Branquitude: o lugar do branco nas lutas antirracistas

Vejamos um fato que aconteceu e foi noticiado em fevereiro de 2024, no Brasil, e que é um exemplo interessante para aprofundarmos o conceito do pacto narcísico da branquitude e os seus resultados:

Fonte: Freepik.

Fonte: Freepik.

No cenário temos uma mulher negra, médica neurologista, durante uma consulta virtual com um paciente, homem e branco.

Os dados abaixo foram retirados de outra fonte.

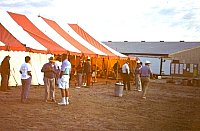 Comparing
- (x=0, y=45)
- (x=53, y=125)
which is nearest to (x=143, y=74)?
(x=0, y=45)

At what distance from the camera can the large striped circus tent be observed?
17825mm

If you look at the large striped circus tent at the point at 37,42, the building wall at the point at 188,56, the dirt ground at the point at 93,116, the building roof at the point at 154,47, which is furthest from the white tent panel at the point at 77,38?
the building roof at the point at 154,47

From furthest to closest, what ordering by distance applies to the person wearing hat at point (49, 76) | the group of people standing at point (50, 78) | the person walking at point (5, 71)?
the person walking at point (5, 71)
the person wearing hat at point (49, 76)
the group of people standing at point (50, 78)

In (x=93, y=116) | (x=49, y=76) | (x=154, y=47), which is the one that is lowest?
(x=93, y=116)

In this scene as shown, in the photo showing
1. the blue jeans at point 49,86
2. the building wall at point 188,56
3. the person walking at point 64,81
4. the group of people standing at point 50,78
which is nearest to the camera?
the person walking at point 64,81

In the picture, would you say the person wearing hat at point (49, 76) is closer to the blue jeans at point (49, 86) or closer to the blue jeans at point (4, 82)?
the blue jeans at point (49, 86)

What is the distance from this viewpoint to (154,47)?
53.3 meters

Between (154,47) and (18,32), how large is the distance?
36.3 m

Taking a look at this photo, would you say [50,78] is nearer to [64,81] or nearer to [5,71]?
[64,81]

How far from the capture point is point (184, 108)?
1352 cm

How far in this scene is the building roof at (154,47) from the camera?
4966 centimetres

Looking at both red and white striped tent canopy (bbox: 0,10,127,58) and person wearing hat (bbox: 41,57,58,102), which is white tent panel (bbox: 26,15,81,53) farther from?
person wearing hat (bbox: 41,57,58,102)

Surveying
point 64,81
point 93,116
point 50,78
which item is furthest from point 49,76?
point 93,116

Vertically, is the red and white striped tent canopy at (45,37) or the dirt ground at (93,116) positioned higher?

De acordo ela, após entrar na sala, o homem saiu e retornou exigindo o número de registro dela no Conselho Regional de Medicina, mesmo o site disponibilizando os dados antes da consulta.

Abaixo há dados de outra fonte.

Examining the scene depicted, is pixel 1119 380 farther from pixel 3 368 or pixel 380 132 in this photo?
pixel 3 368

Nessa situação, acreditamos que o outro lado dessa fala do paciente é: uma mulher negra não pode ocupar uma profissão de privilégio - ser médica neurologista.

O pacto narcísico é isso, a dificuldade mesmo de pensar que negros podem ocupar esses cargos, porque a imaginação social que elaboramos e as características esperadas das pessoas que ocupam esses cargos são atributos simbolicamente identificados às pessoas brancas.

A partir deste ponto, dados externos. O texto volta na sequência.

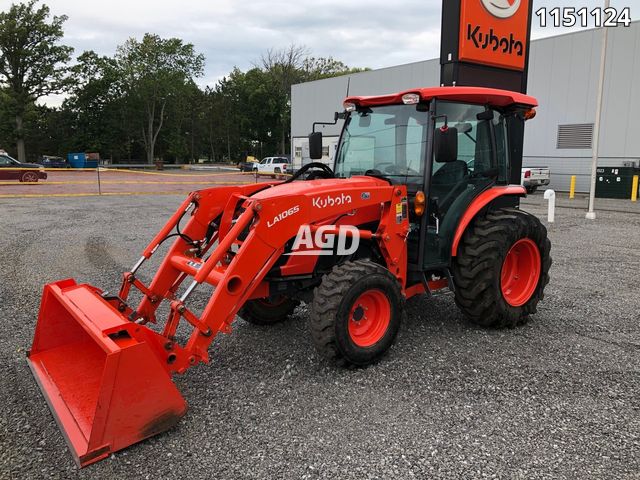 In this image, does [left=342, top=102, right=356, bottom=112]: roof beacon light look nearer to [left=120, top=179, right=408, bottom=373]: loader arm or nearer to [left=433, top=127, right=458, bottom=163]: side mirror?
[left=120, top=179, right=408, bottom=373]: loader arm

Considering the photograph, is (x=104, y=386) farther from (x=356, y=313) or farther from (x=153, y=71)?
(x=153, y=71)

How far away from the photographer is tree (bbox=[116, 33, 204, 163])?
51.5m

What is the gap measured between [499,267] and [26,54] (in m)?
50.0

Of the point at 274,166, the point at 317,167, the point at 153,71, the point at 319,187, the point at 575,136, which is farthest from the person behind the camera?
the point at 153,71

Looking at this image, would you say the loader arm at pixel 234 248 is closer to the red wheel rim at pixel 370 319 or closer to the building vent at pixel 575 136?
the red wheel rim at pixel 370 319

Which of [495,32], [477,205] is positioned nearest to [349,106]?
[477,205]

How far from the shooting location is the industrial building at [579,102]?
2002cm

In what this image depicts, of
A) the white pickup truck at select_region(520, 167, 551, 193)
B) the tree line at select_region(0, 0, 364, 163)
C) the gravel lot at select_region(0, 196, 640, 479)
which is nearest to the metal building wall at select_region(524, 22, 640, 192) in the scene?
the white pickup truck at select_region(520, 167, 551, 193)

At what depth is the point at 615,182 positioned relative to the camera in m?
19.3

Dito de outra forma, ela não poderia adentrar um espaço que pertence aos brancos e, nesta lógica, os brancos estariam vigilantes para se protegerem mutuamente e protegerem este espaço de “elementos estranhos”, que põem em questão o “normal” e “universal” que seria ser atendido por uma médica branca.

Pode ser que você já tenha visto ou ouvido alguma situação parecida, no trabalho ou no cotidiano, e que foi interpretada como “inveja”, “despeito”, “egoísmo”, “falta de educação” ou até um “mal-entendido”. Agora, tente relembrar e pense racialmente as pessoas envolvidas na cena.

  • Será que essa lógica da branquitude se aplicava em tal situação?

  • Você consegue perceber por que é importante identificar esses mecanismos quando eles estão em ação?

Vejamos a seguir o que acontece quando ignoramos os pactos da branquitude nos serviços de Saúde:

Reforçamos as desigualdades que já existem e que contribuem para que o racismo se perpetue como um conjunto de desigualdades cumulativas que são transmitidas de uma geração a outra;

Reforçamos estereótipos que contribuem para incluir um grupo social em um conjunto de atributos e ao mesmo tempo excluí-lo de certos lugares por esses atributos a ele associado;

Colaboramos para a invisibilização de demandas legítimas, bloqueando acessos aos direitos da população negra a uma vida digna;

Estruturamos uma oferta de serviço público a partir de uma postura racialmente neutra que é incapaz de dar conta das necessidades de saúde;

Deixamos de coletar dados e informações que iluminam as desigualdades e, assim, deixamos de promover medidas que encarem essas desigualdades, mesmo que as reconheçamos;

Deixamos de agir continuamente diante de eventos que acarretam adoecimento, morte ou subtração de direitos sociais, individuais e coletivos da população negra.

Discutir branquitude é colocar no centro da análise questões econômicas, políticas, sociais e uma hegemonia que toda vez que é discutida desperta medo, porque, justamente, fala da estrutura societária que foi construída a partir da expropriação de quase quatrocentos anos, com a escravização da força de trabalho indígena e negra.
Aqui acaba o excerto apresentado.